Public art is not necessarily to be found only outside the usual elite venues of galleries, museums, churches, and private homes. But nor is it necessarily to be discovered in open-air installations or in public squares. Because genuine public art is, of course, both public and extremely private and can be installed anywhere.

A prospective city councillor (who else?) for Merseyside has recently said that Antony Gormley’s “Iron Men”, disseminated along a polluted and abandoned stretch of the Irish Sea, should be destroyed: the work’s upkeep is expensive and, anyway, it’s just modern art. The email response of the general public (not the “art” public) has been vigorous to say the least. “This is our heritage”; “It’s fascinating to see how the sea, sand and weather – and also to some extent, the visitors! – interact with them over time”; “They are part of the community now”. This is a moving testimony to the intimate yet public impact of some contemporary art.

Like Gormley, although Jacob Hashimoto often works on a small scale, he mainly works on a large and public yet still extremely intimate scale with works that also become “a part of the community” as well as part of individual experience. And this latest work by him is emblematic.

At first sight it is, of course, abstract, though the usual figurative metaphors for describing it come to mind: cloudbanks, waves, billowing sails. And yet, however tiny, the individual elements are there to see and recognize. In this case they are miniscule boats. Ready to sail up into the air? Why not? Because of course, like all genuine works of art, they can be appreciated in many, many ways. And once the characteristic beauty of Hashimoto’s work has been digested, not as an “extra” but as an inherent part of its meaning, so these other thoughts and emotions also present themselves. Here we are, alone yet together with others, enveloped by these boats breasting the invisible sea around us.
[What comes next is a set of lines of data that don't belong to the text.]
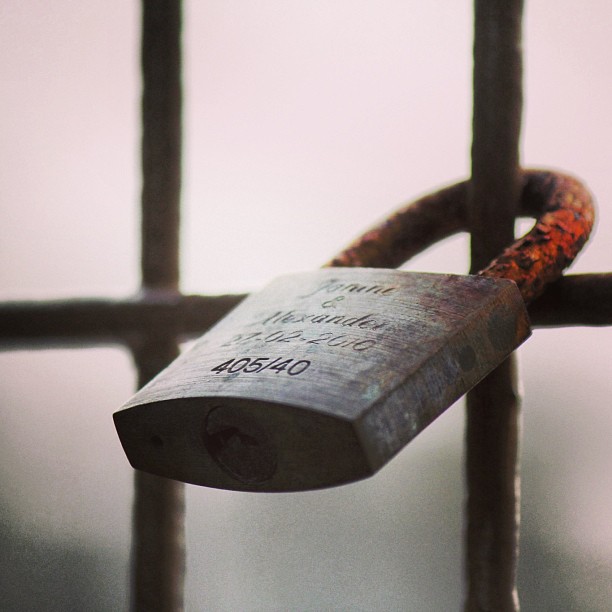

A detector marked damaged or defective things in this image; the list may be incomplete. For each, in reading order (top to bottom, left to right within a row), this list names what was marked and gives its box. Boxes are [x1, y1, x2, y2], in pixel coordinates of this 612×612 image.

rusty padlock [113, 169, 592, 492] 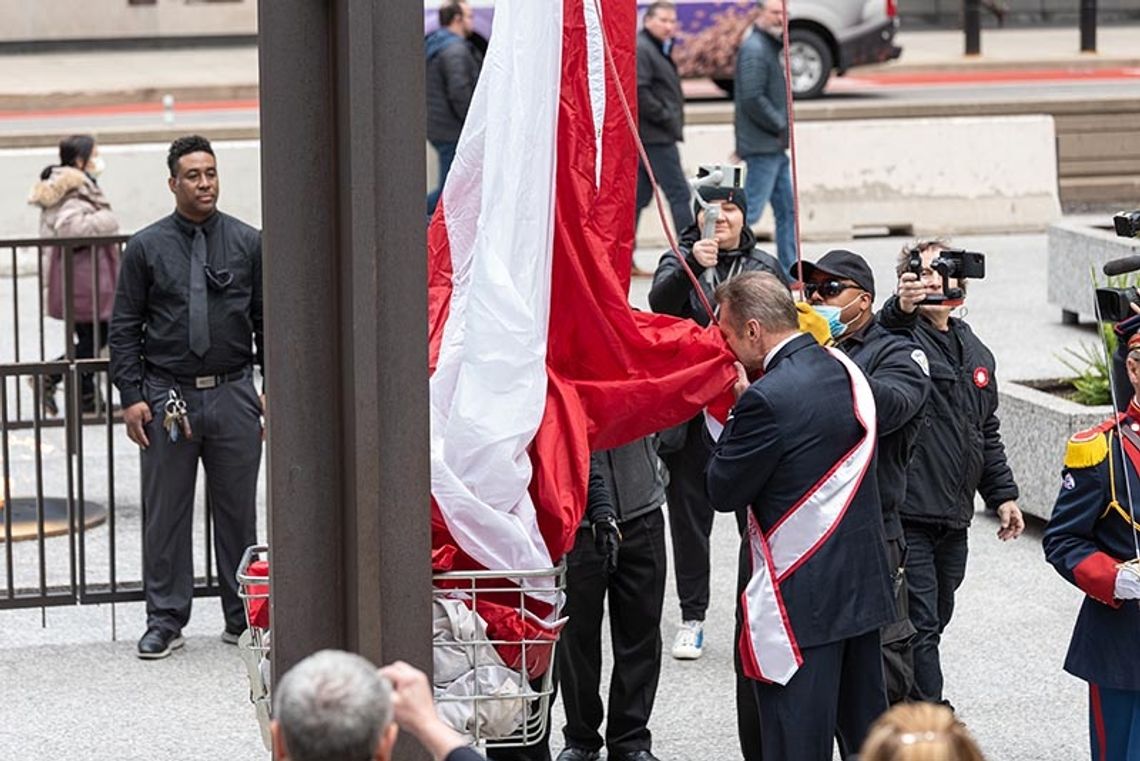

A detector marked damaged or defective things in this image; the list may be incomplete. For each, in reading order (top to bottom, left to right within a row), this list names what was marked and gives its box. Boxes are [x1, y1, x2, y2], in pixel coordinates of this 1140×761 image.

rusty steel column [258, 0, 430, 724] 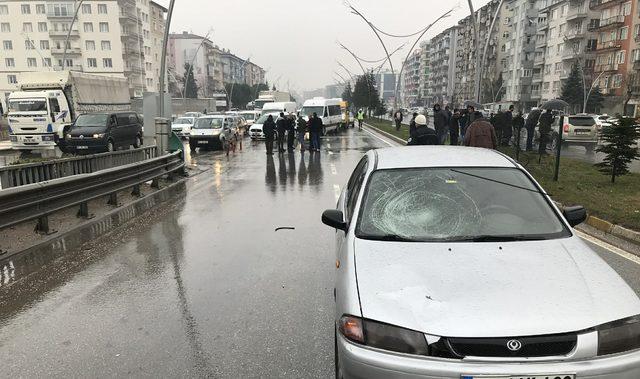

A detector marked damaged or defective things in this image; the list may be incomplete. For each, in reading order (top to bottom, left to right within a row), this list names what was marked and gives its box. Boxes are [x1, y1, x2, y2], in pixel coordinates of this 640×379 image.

shattered windshield [356, 168, 568, 242] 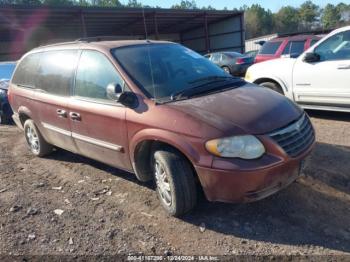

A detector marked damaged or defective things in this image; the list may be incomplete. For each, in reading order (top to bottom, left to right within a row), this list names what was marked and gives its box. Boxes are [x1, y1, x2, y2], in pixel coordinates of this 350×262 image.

damaged hood [170, 83, 304, 135]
Of course this might also be assimilated to such a gospel song as “The old ship of Zion is sailing for home”: the spiritual aspect is certainly present, and the boats might be sailing towards some other place – other than towards us, that is. But these are old and persistent emotions, all the more potent because here they are so airily and lightly expressed.

During the last World War a bomb was dropped near one of the most beautiful buildings in Italy: Palazzo Canossa, Verona. The building was spared, but a frescoed ceiling by Tiepolo was reduced to thousands of fragments. It is whispered that they all still exist in a number of crates in the building’s basement. I doubt that these individual pieces, seen alone, could give any idea of the frescoed ceiling now only to be seen in photographs. Nor could the individual boats of Hashimoto’s grand work which almost resemble small model boats assembled from a kit. But there is a correspondence between his ethereal, intimate, public art and that of Tiepolo. There is no reason to apologize for what is, after all, simply an analogy but, I believe, a highly suggestive and therefore useful one. The eighteenth century has breezed into the twenty-first.